47. Plots Nos. 86 and 100 have been found to be outside Plaintiffs'' zamindari and the claim of the Plaintiffs must therefore be dismissed.

48. Plot No. 92 includes Plot No. 9 of Schedule ga and Plots Nos. 106 and 108 have been found to be included in Plot No. 7 of Schedule ga and have no separate existence. The Court below has held that the claim in respect of Plots Nos. 106 and 108 should be dismissed, and there is no objection to the finding by the Court below. We have held that the claim in respect of Plot No. 9 of Schedule ga is barred. The claim with regard to Plots Nos. 92, 106 and 108 should therefore be dismissed. As for Plots Nos. 118 and 119, though they are not covered by the Defendants'' kobala, the Witnesses Nos. 1 and 5 for the Defendants proved possession from 1295, and the Court below found that there was adverse possession from that year. In the absence of any evidence to show that adverse possession commenced after 1281, we think that the claim in respect of these two plots is barred.

49. We accordingly hold that the claim in respect of Plots Nos. 1, 2, 6, 8, 12, 13, 14, 17, 18, 27 to 45, 46, 47, 49, 54, 55, 58, 59 and 60 to 63 of Schedule ga and Plots Nos. 71, 74, 79, 84, 88, 89, 102, 131, 146, 147, 148, 150, 151 and 157 of Schedule gha should be allowed on the ground that they are mentioned on the road cess return and the possession of the Defendants was therefore not adverse. Plots Nos. 3, 20, 22, 23 and 24 of Schedule ga and Plots Nos. 86 and 100 of Schedule gha being outside the Plaintiffs'' zemindary the suit should be dismissed with regard to the said plots.

50. Out of the remaining plots, we hold, agreeing with the Court below, that the claim as to Plots Nos. 15, 16, 25, 26, 56 and 57 of Schedule ga and Plots Nos. 106 and 108 of Schedule gha should be dismissed, and differing from the finding of that Court we dismiss the claim with respect to Plots Nos. 4, 5, 7, 9, 10, 11, 19, 21, 48, 50 to 53, 65, 66 and 67 of Schedule ga and Plots Nos. 72, 73, 87, 91, 92, 118, 119, 124 and 125 of Schedule gha as there is no evidence to show that the possession with respect to these plots commenced after the creation of the putni in 1281.

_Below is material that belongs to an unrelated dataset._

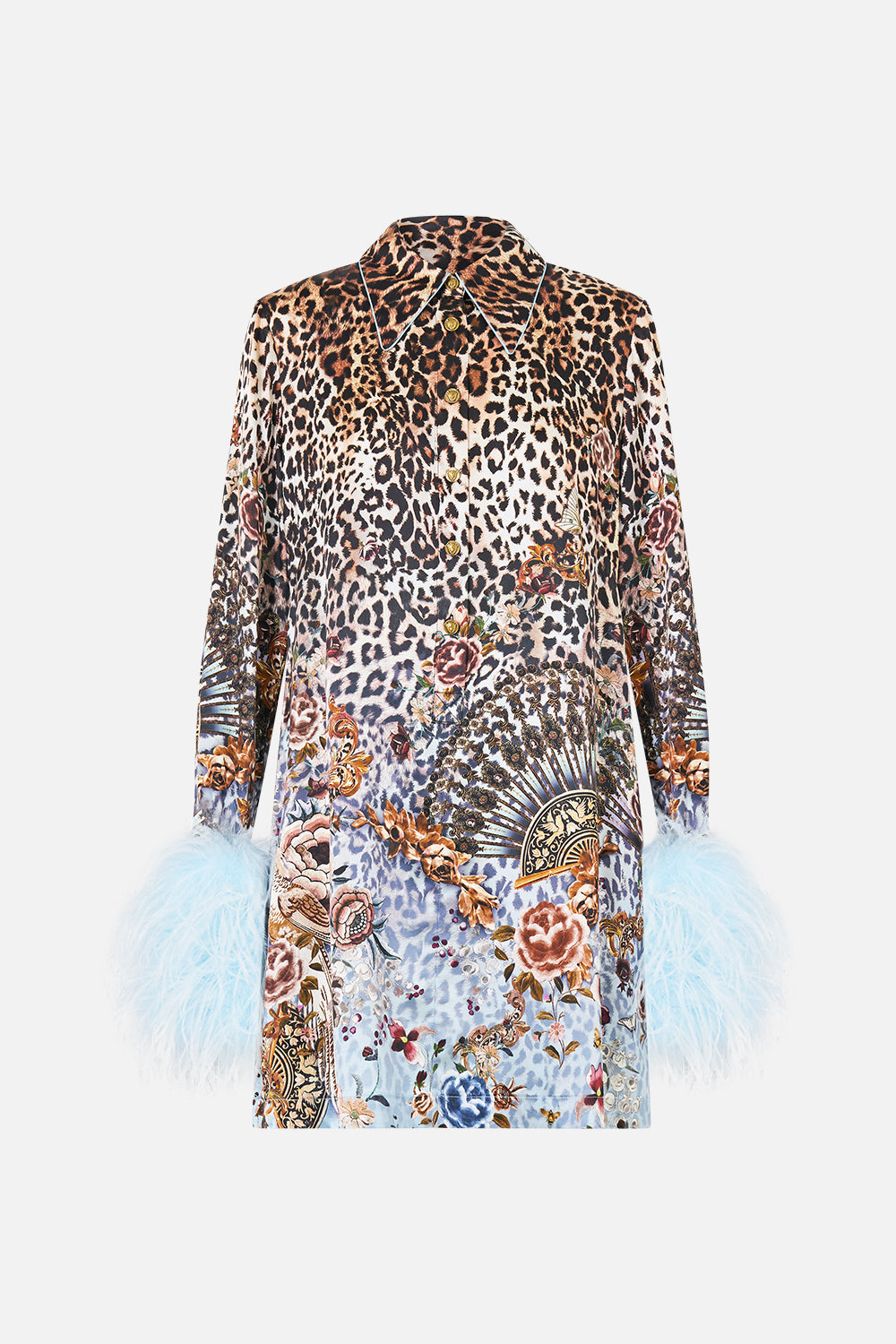 MINI SHIRT DRESS WITH FEATHERS FIESTA, SIESTA, REPEAT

51. The result is that the suit will be decreed with respect to the lands of Schedules ka and kha and with respect to lands of Plots Nos. 1, 2, 6, 8, 12, 13, 14, 17, 18, 27 to 45, 46, 47, 49, 54, 55, 58, 59 and 60 to 63 of Schedule ga and Plots Nos. 71, 74, 79, 81, 88, 89, 102, 131, 146 to 148, 150, 151 and 157 of Schedule gha. The Plaintiffs will get khas possession of the said lands. They are entitled to Wasilut in respect of the said lands for a period of three years prior to the institution of the suit until delivery of possession, to be ascertained in further proceedings. The claim in respect of Plots Nos. 3, 4, 5, 7, 9, 10, 11, 19, 20, 21, 22, 23, 24, 48, 50 to 53, 64, 65, 66 and 67 of Schedule ga and Plots Nos. 72, 73, 86, 87, 91, 92, 93, 94, 98, 100, 118, 119, 124 and 125 of Schedule gha will be dismissed. It is unnecessary to make any separate order with respect to Plots Nos. 83 and 140 to 142 of Schedule glut as they are included in the lands of Schedule ka. The parties will be entitled to costs in each case in proportion, the Plaintiffs getting three-fourths and the Defendants one-fourth, only one-half of the costs of the paper-book will be allowed. Hearing fee in Appeal No. 164 is assessed at rupees three hundred and in No. 258 of 1914 at rupees one hundred.